Portraits for Pits

Portraits for Pits created this digital portrait of a client's pet pit bull.

AS ANIMAL LOVERS WILL ATTEST, pets are the real gifts that keep on giving. So why not immortalize them in a unique form of art? Pet portraits are increasingly popular, and a number of local artists have turned their passion for animals into  businesses that help pet owners honor their loved ones.

Steve Mercer, who co-owns Portraits for Pits (www.portraitsforpits.com) with his wife, Evie, offers two options for pet portraits: digital portraits and acrylic paintings based on photographs supplied by pet owners, who can upload photographs to the business' website. The couple creates artwork for all kinds of animals, including cats, ferrets, birds and pigs — not just pit bulls as the name might imply — but they have a soft spot for pit bulls and donate proceeds to various rescue and advocacy organizations for the breed. The company often donates gift certificates to fundraisers for pit bull rescue organizations.

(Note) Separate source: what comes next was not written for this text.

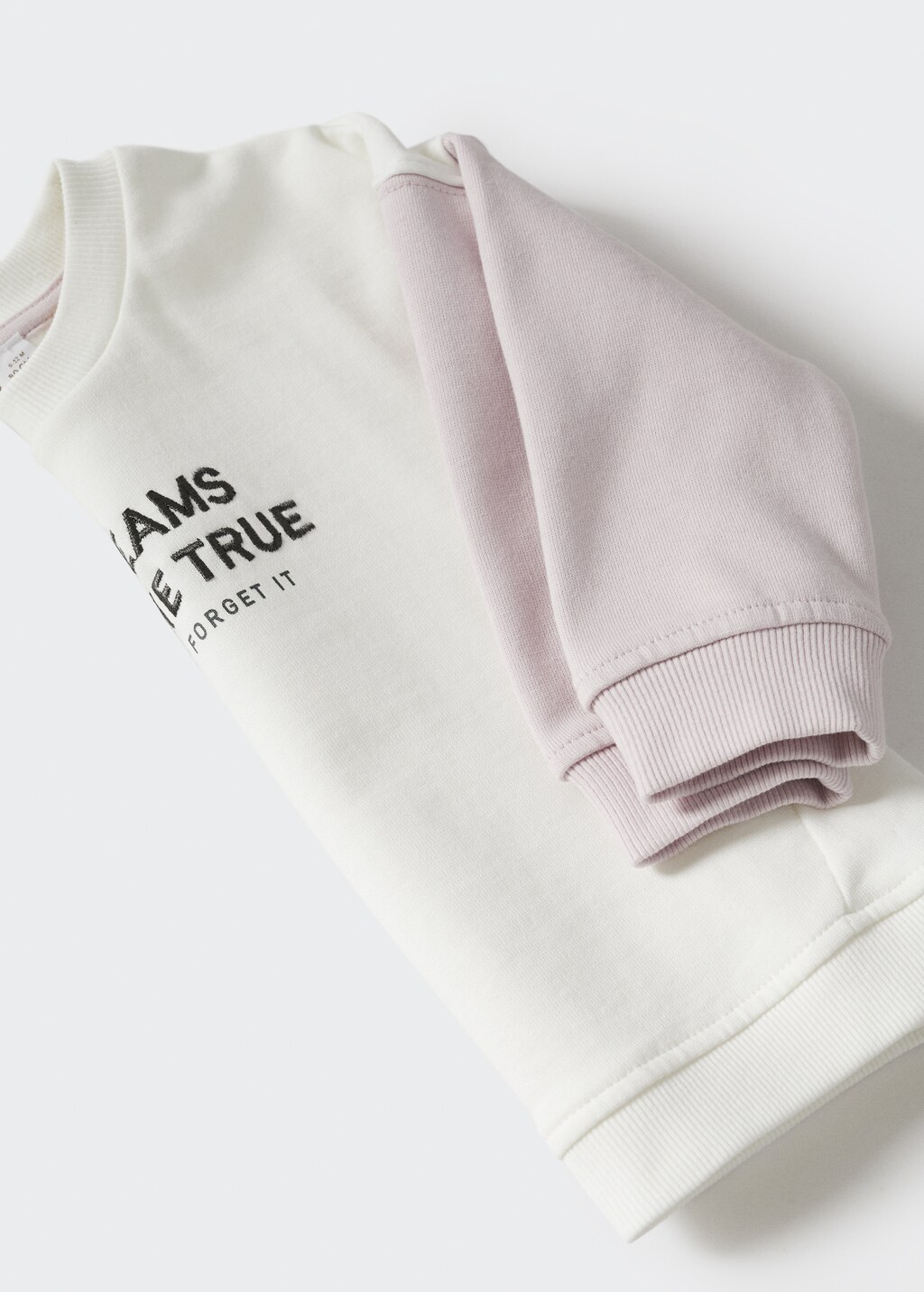 Sweatshirt med broderad text - Detaljer om artikeln 9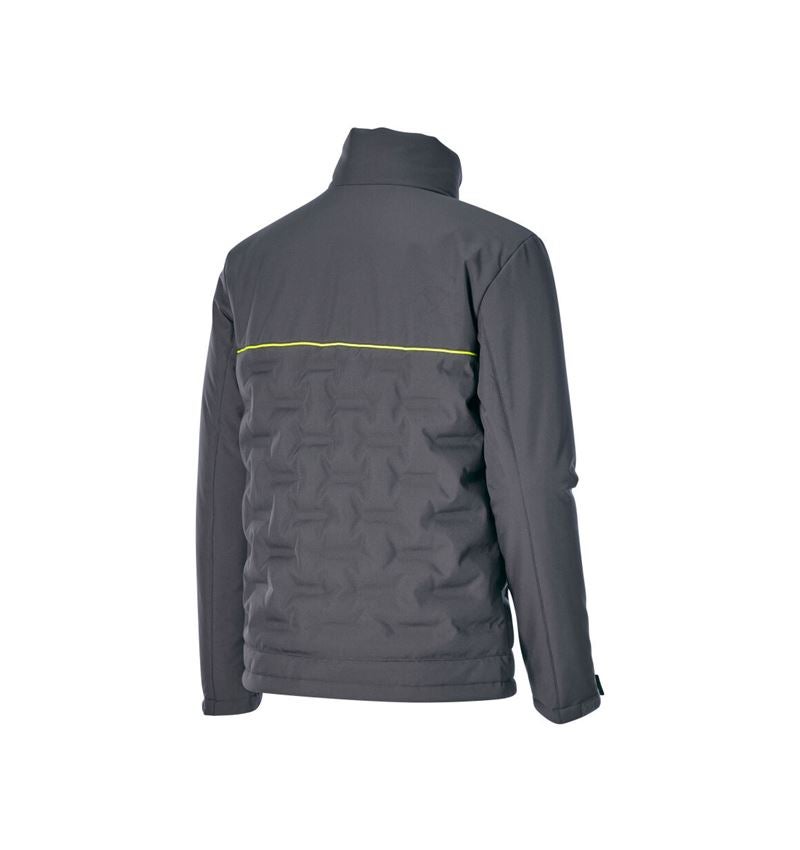 Werkjassen: Padded-winterjas e.s.line.core + carbongrijs/signaalgeel 7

"We do all kinds of custom work," Mercer says. Each piece takes about six weeks to complete and prices for portraits range from $75 to $275. The portraits make  popular gifts year-round, he says.

"The art is fun and colorful," Mercer says. "I think it offers a fun memory."

Lillian Aguinaga

Lillian Aguinaga of Painted Paws captures the regal soul of a dog.

Lillian Aguinaga is another local artist and the founder of Painted Paws (www.artoflillian.com). She creates acrylic paintings of customers' pets and accommodates requests for quirky details to be included in the rendition. (One client, for example, requested that a dog be painted in "Game of Thrones"-style regalia.)

Aguinaga's prices depend on the size of the canvas and the number of pets included, but  typically range from $300 to $1,000. She also offers charcoal drawings, which start at $150, as well as gift certificates. Like the Mercers, she believes in giving to charity and donates 10 percent of her commissions to the animal rescue group of the customer's choice.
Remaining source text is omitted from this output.